Une croissance en manque de compétences

Les difficultés de recrutement rencontrées par les entreprises sont dues "à une croissance du secteur, liée au développement des réseaux de chauffage urbain". Coriance, par exemple, affiche une croissance de son chiffre d'affaires de 10 % par an. Cette croissance se heurte "à un manque de jeunes formés", regrette Ronan Keryer. Conséquence de ces tensions : débauchage, bataille des salaires, turnover… "Il y a des appels d'offres auxquels nos adhérents ne peuvent pas répondre, faute de main d'oeuvre !", déplore Ghislain Eschasseriaux.

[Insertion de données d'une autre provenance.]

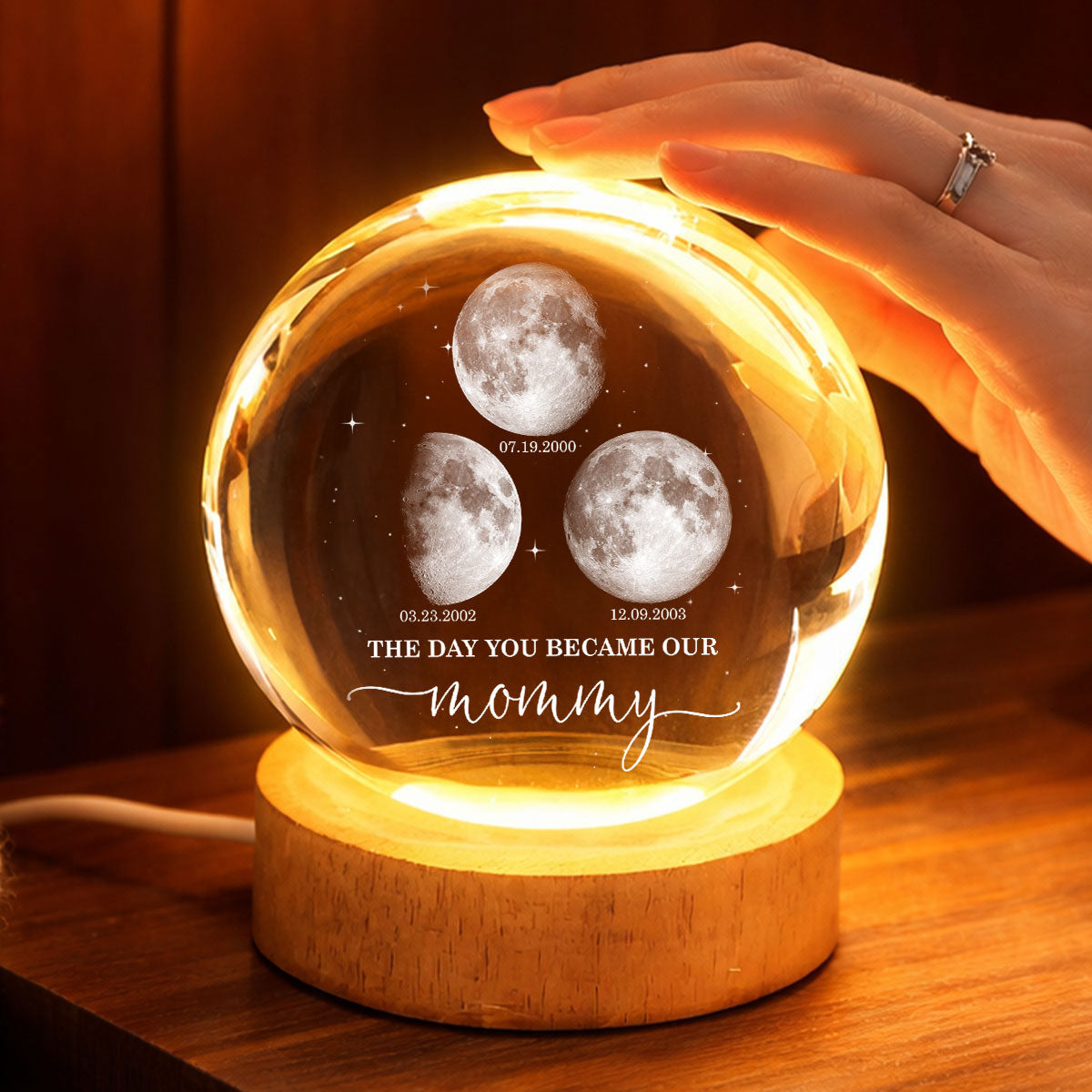 The Day You Became My Mom - Personalized Crystal Ball LED Night Light - Sentimental Mother's Day Gift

Une implication dans l'EDEC de la filière électrique

La Fedene insiste sur son rôle dans la transition énergétique. Les besoins en main d'oeuvre des services énergétiques n'ont pas été pris en compte dans le rapport Plan prospective emploi compétences (PPEC). Celui-ci était censé quantifier les besoins en main-d'oeuvre dans les métiers de la transition énergétiques. Il a été remis par Laurence Parisot au Premier ministre en février dernier.

Pour pallier cette absence, la Fedene s'est associée à l'accord cadre d'Engagement de développement de l'emploi et des compétences (EDEC) signé par 7 fédérations professionnelles, 4 syndicats de la filière électrique et le Haut commissaire de la filière électrique le 9 avril dernier. Celui-ci devrait déboucher sur une étude prospective sur les besoins en formation et en emploi liés à la transition énergétique à l'automne 2020. Cette étude pourrait donner lieu à des mesures pour réduire les difficultés de recrutement des entreprises des filières impliquées.